Line by line, copy out the entries exactly and leave the pictures behind.

____ Records to use

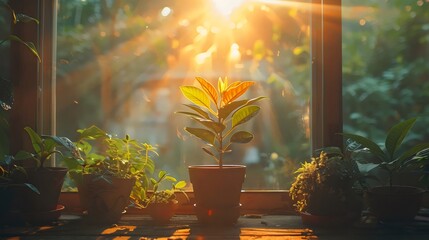 A plant is growing in a pot on a windowsill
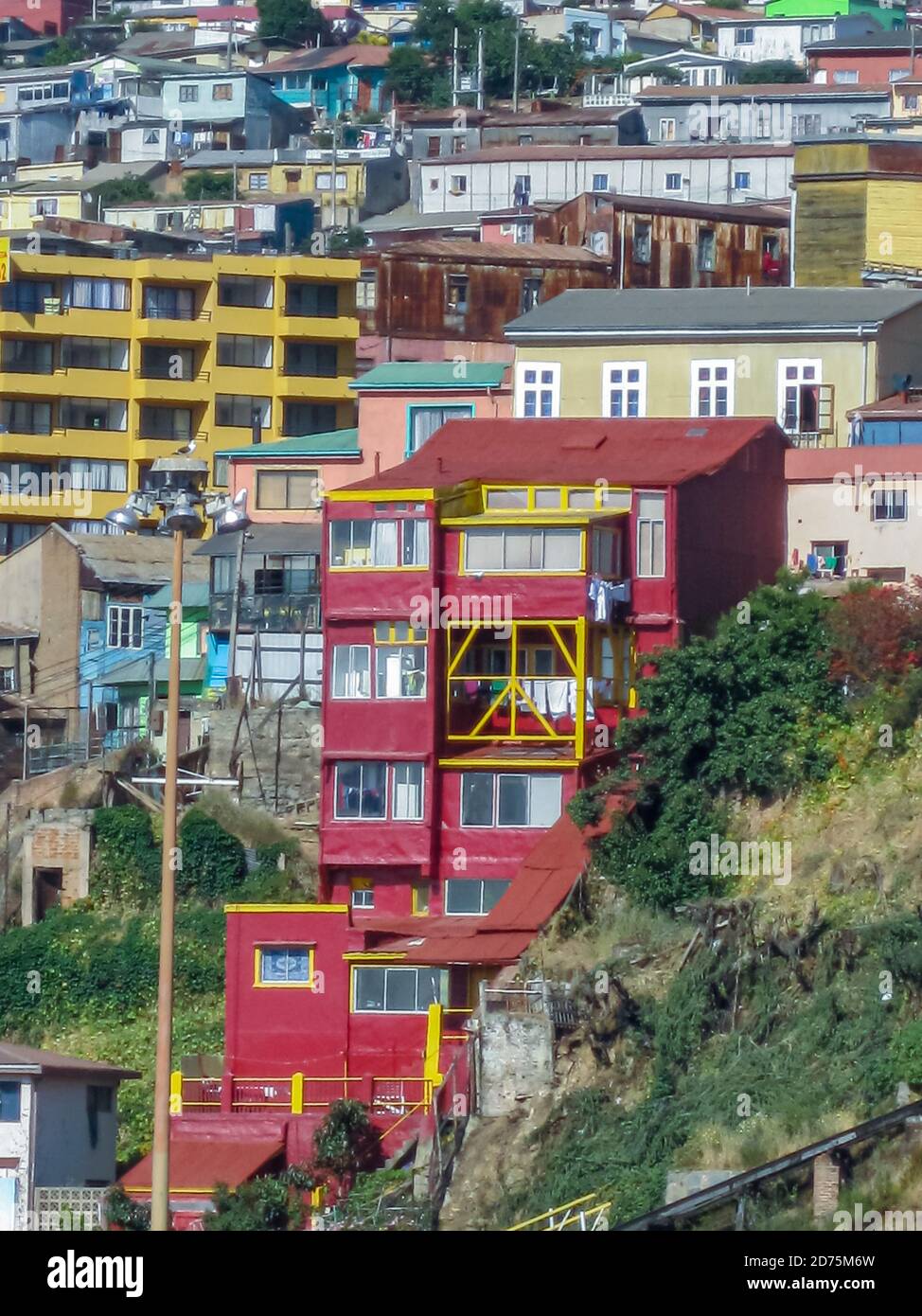 Valparaiso, Chile December 8, 2008 Closeup of red multistory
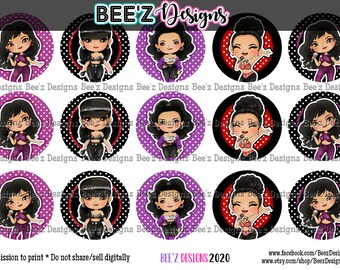 Cute singer Inspired INSTANT DOWNLOAD 1 Inch Bottle Cap Images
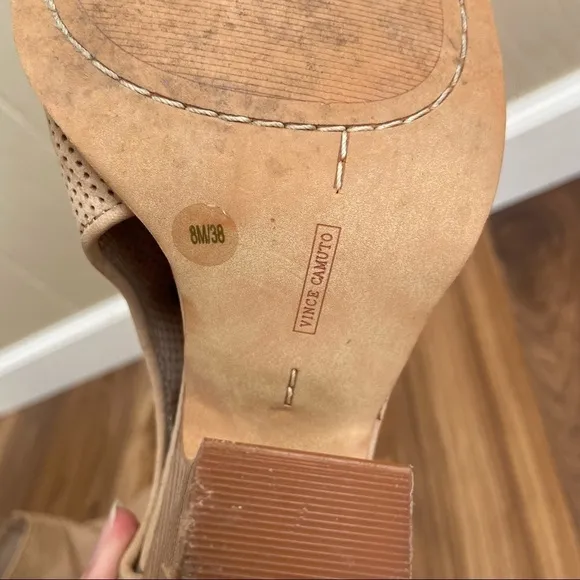 Vince Camuto Perforated Leather Tan Bevina Cutout Peep Toe Booties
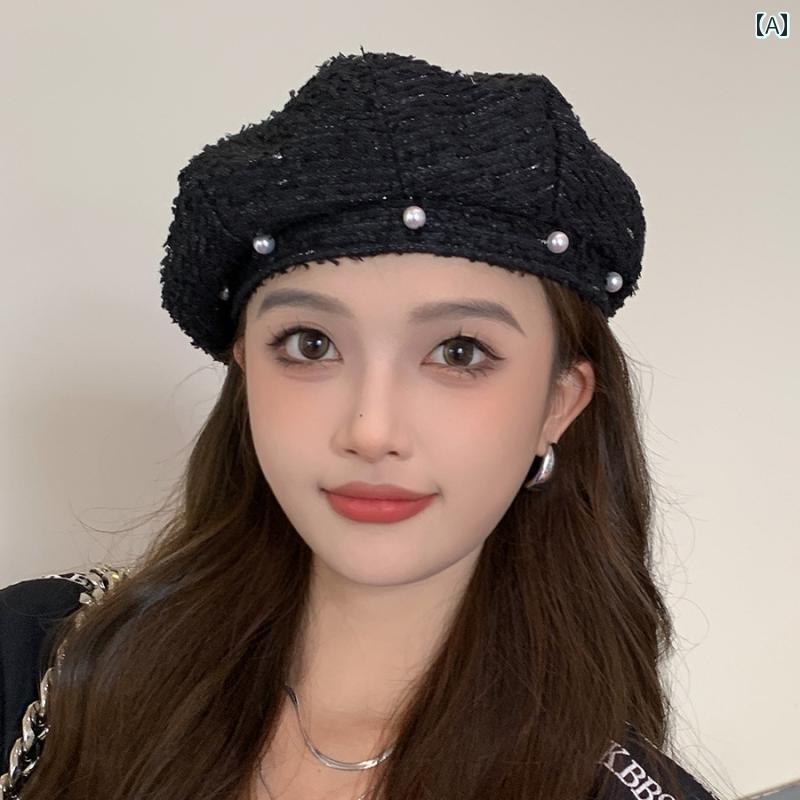 レディース 流行り物 春夏 秋冬 レディース パール ベレー帽 お上さん かぶり笠 愛くるしげ 今めかしい 日よけ 日焼押しとどめる 紫外線打つ手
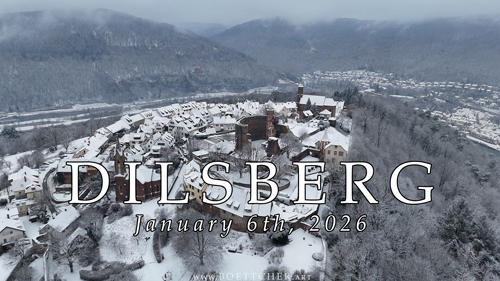 Verschneiter Dilsberg am 6. Januar 2026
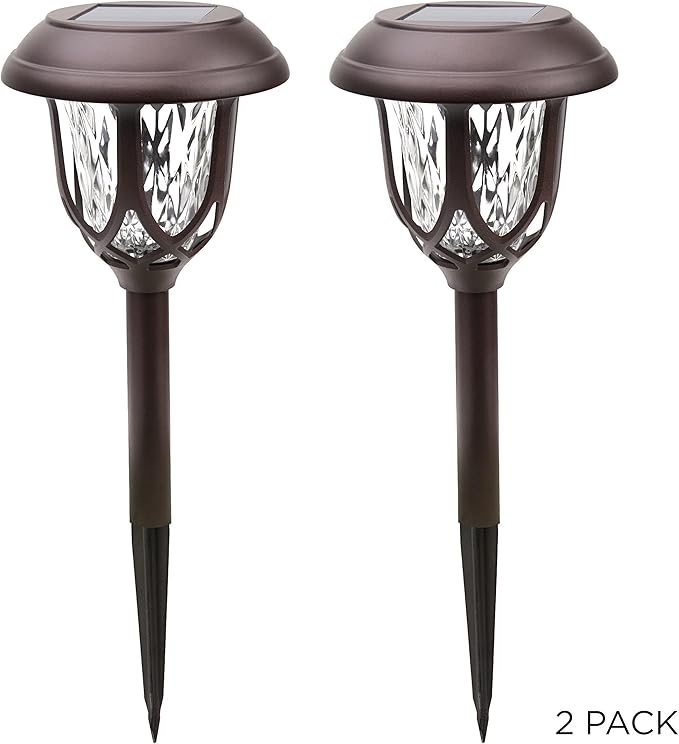 Alpine Corporation 17" Tall Super Bright High Lumen Outdoor Solar Powered Pathway Light Stakes, Bronze (Set of 2)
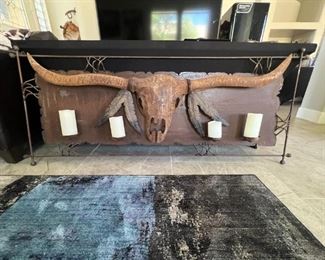 Rustic Longhorn Metal Art Candle Holder 28x69x4in HxWxD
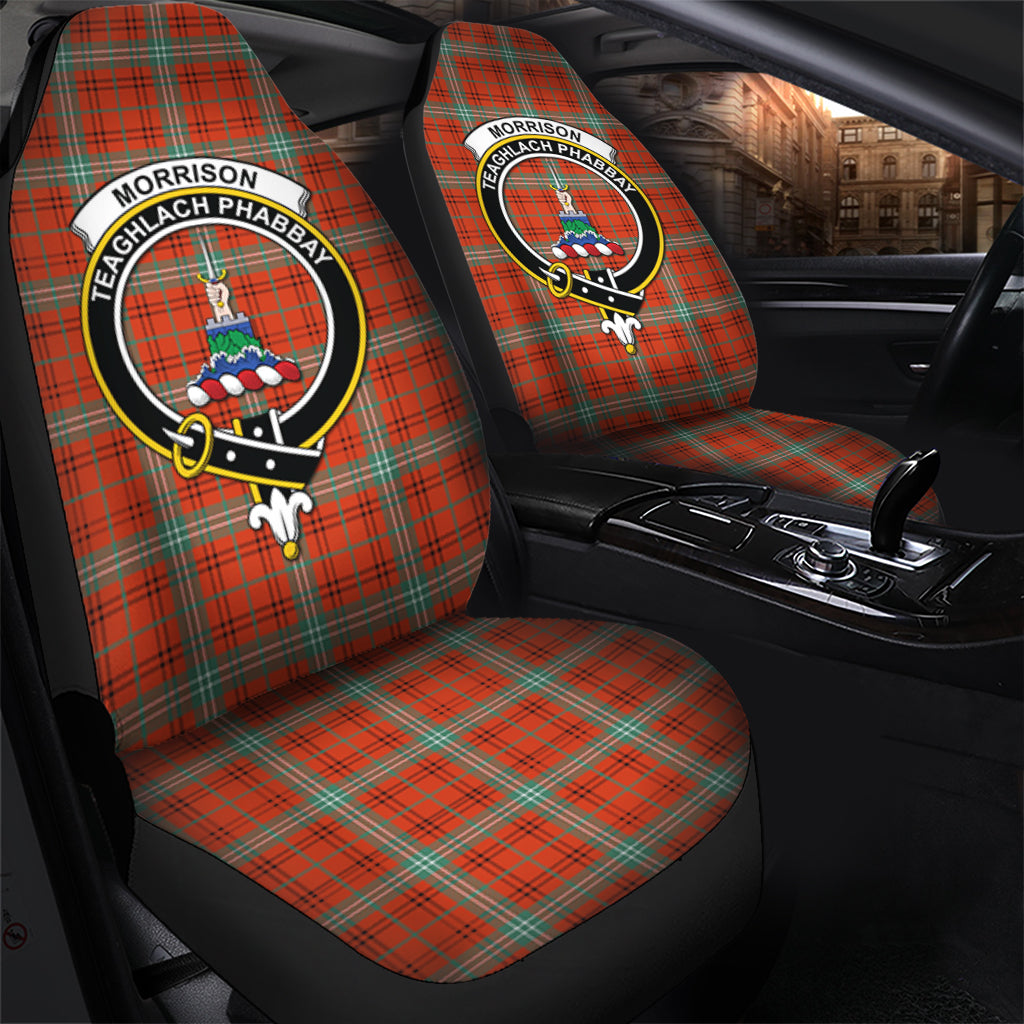 Morrison Red Ancient Tartan Car Seat Cover with Family Crest - Tartanvibesclothing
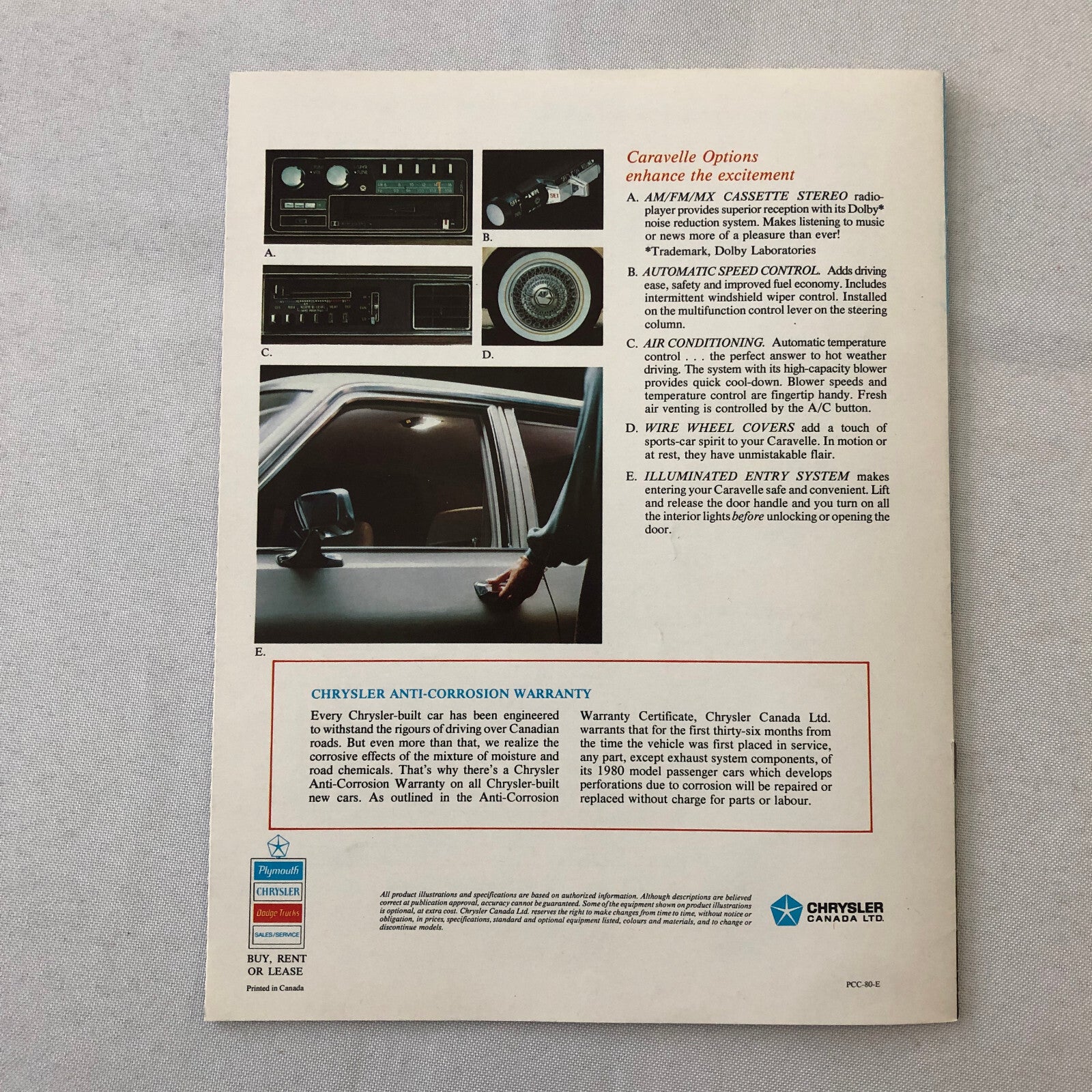 1980 Plymouth Caravelle Sales Brochure Catalog Advertising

________

## Exercise answer
 A plant is growing in a pot on a windowsill
 Valparaiso, Chile December 8, 2008 Closeup of red multistory
 Cute singer Inspired INSTANT DOWNLOAD 1 Inch Bottle Cap Images
 Vince Camuto Perforated Leather Tan Bevina Cutout Peep Toe Booties
 レディース 流行り物 春夏 秋冬 レディース パール ベレー帽 お上さん かぶり笠 愛くるしげ 今めかしい 日よけ 日焼押しとどめる 紫外線打つ手
 Verschneiter Dilsberg am 6. Januar 2026
 Alpine Corporation 17" Tall Super Bright High Lumen Outdoor Solar Powered Pathway Light Stakes, Bronze (Set of 2)
 Rustic Longhorn Metal Art Candle Holder 28x69x4in HxWxD
 Morrison Red Ancient Tartan Car Seat Cover with Family Crest - Tartanvibesclothing
 1980 Plymouth Caravelle Sales Brochure Catalog Advertising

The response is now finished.